The Jakarta Post
WhatsApp has a serious fake news problem.
The messenger application has already come under scrutiny in several countries amid allegations it was culpable for helping spread misinformation that led to, among other problems, mob killings in India and a yellow fever outbreak in Brazil.
It has now caught the attention of Indonesian authorities following revelations that it has played a significant role in spreading fake news in the country.
WhatsApp, which claims to apply end-to-end encryption to protect privacy, was blamed for circulating misinformation about child kidnappings that stirred up fears among parents.
Police so far have only arrested people accused of spreading the hoax on their Facebook pages, not those thought to have spread the hoax via WhatsApp.
The application was also seen as partly responsible for the low success rate of the national vaccination campaign, after false reports on the dangers of immunization circulated on WhatsApp group chats, mainly family group chats.
About 40 percent of 142 million internet users in Indonesia use WhatsApp, making it the nation’s most popular messaging application and third-most popular social media platform after YouTube and Facebook, according to a study by creative agency We Are Social and Hootsuite.
A 2018 study conducted by business and IT news portal DailySocial revealed that 57 percent of Indonesian internet users say they often received false information via the messenger application.
The study, which surveyed 2,032 smartphone users nationwide, also showed that 51.03 percent of respondents decided to do nothing upon receiving false information, although they did not believe it either.
Communications and Information Minister Rudiantara told The Jakarta Poston Friday that his ministry was currently in the middle of a discussion with WhatsApp to prepare a set of policies to address the problem.
“We are currently preparing a set of rules, and whoever violates the rules will be penalized with a fine,” Rudiantara said on Friday.
The rules would be included in a revision of Government Regulation No. 82/2012 on the electronic transactions, the minister said.
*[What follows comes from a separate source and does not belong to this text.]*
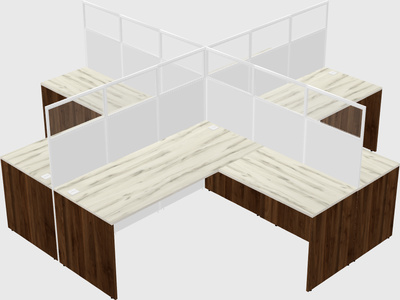 Shared l-shaped cubicles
He declined to elaborate on the regulation or say when it would be enacted.
Facebook, as the owner of WhatsApp, is less optimistic than the government, however, saying there was little it could do to address fake news on the messenger application, simply because it could not control the messages people send through its platform because of the end-to-end encryption.
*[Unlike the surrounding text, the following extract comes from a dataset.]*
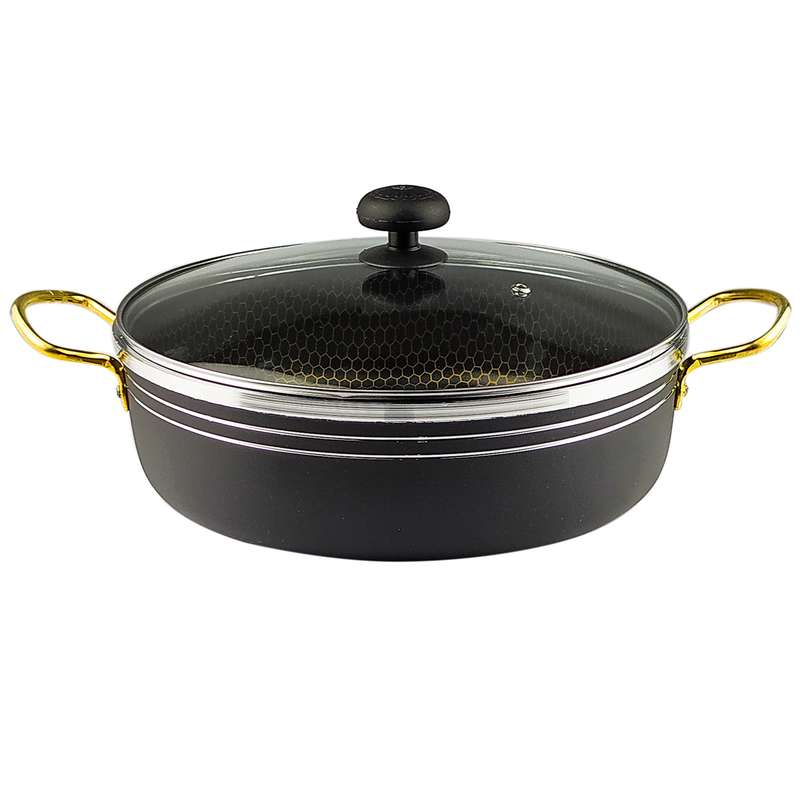 تابه ظرف سازان اسدیان مدل لب چدن گلد سایز 28 تابه ظرف سازان اسدیان مدل لب چدن گلد سایز 28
“Therefore, the only thing we can do is to limit the use of message forwarding services to 10 times a day,” Facebook Indonesia spokesperson Putri Dewanti told the Post on Saturday.
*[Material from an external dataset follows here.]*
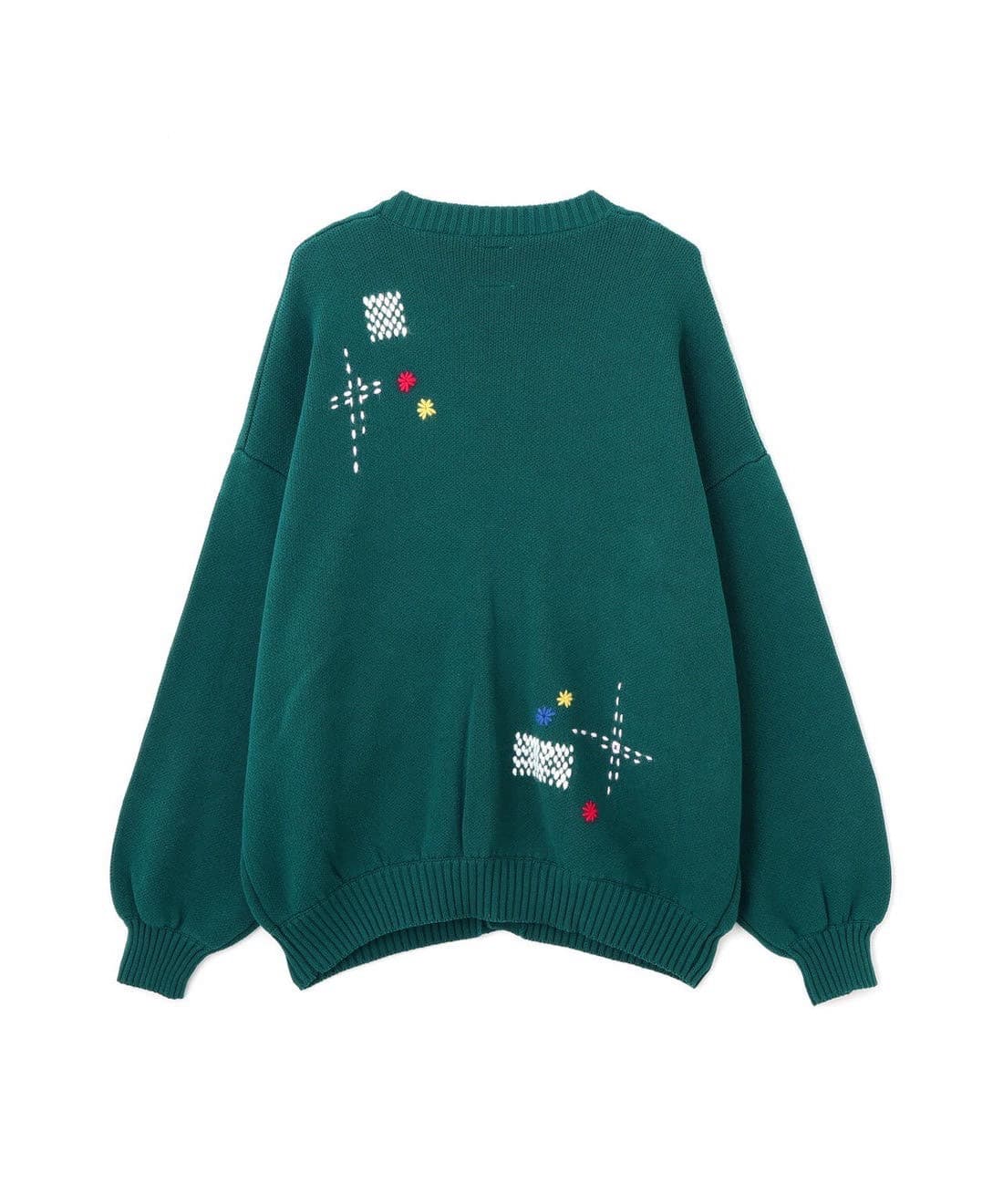 B omnivore/ビーオムニボー/HAND STITCH CARDIGAN ハンドステッチカーディガン グリーン M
Other than being encrypted, the other feature that has made WhatsApp a perfect medium for hoaxes is its simple interface, experts say.
“The group chat feature has also made it easier for people to spread information to other people,” said Novi Kurnia, a Gadjah Mada University (UGM) researcher who received a grant from WhatsApp to conduct a study on fake news.
Novi, along with five other media experts and scholars, will conduct a study titled “WhatsApp Group and Digital Literacy Among Indonesian Women”.
The research will assess how Indonesian women apply their digital skills in using various WhatsApp groups and will be conducted in five main cities, namely Jakarta, Yogyakarta, Makassar in South Sulawesi, Aceh and Jayapura in Papua.
“In this research, we will map the interaction pattern between users in personal or group chats and analyze how those who have high digital awareness apply their skills to process information,” Novi said.
Ross Tapsell, a lecturer in Asian Studies at the Australian National University, said Indonesians now turned to alternative media such as WhatsApp for information, as many of them no longer trusted the mainstream media, which they perceived as politically biased, especially during election years.
But what made WhatsApp groups even more popular was the fact that Indonesians, like other Southeast Asians, loved gossip, he added.
“It is more common for Southeast Asians, including Indonesians, to create WhatsApp group chats because of their habit of sharing things among each other.”